There was the medium which Debussy and Ravel pioneered in France, a piano language for Granados and Falla and more Latin Americans than I have heard of. Gonzalo Rubalcaba seems to be paying heartfelt tribute to Hispanic, indeed Cuban, music of the Western line which to some people matters personally, and at least equally, beside other music with no highbrow associations.


The sources of the music are various, but since Blue Note has provided your reviewer with ridiculously inadequate information, his references to these will be at best sketchy.


As to the music itself, the results are usually stunning, beginning with the Debussian miniature “Rezo (Praise Be)” and proceeding through the seven minutes of drama, which “Quasar” is. “Silencio” might be found as a ballad interlude in a classically trained jazz pianist’s programme. It’s referred to as “a Cuban bolero”. 
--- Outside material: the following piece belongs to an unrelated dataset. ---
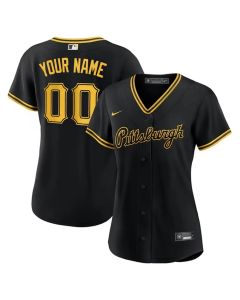 Women's Pittsburgh Pirates Black Stitched Baseball Custom Jersey (Black)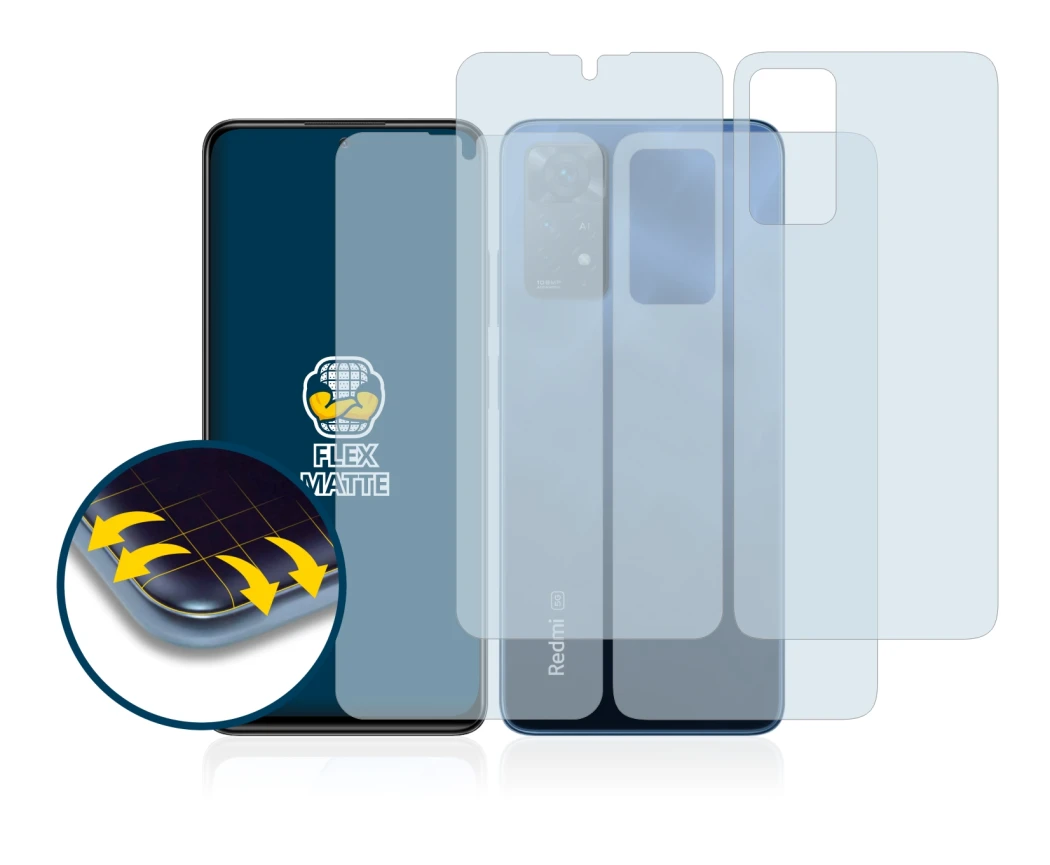 Imagen del dispositivo Xiaomi Redmi Note 11 Pro 5G (Frontal+Trasero) con una amplia variedad de protectores de pantalla.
The first of four improvisations founded somehow on Coltrane’s Giant Steps, “Improv #1”, is a little looser in comparison; slighter, with stock phrasing, but a pause in concentration before the sublime quality of a one-minute lullaby worth waiting for. Incredible! After “Improv #2”, which hints at jazz with concert-room sonorities and a striking ending, the second lullaby, “for a black child” floats into an even more amazing conclusion over a tolling left hand part.


“Faro (Beacon)” has a simple ostinato bass, a transition section and a loud climax; after a subdued passage, a bigger build prior to fuller, more complete culmination into which the simple left hand figure is worked, and within which it is developed with imagination. Then “Improv #3” proceeds with more consistent direction than its two predecessors into something like a hymn.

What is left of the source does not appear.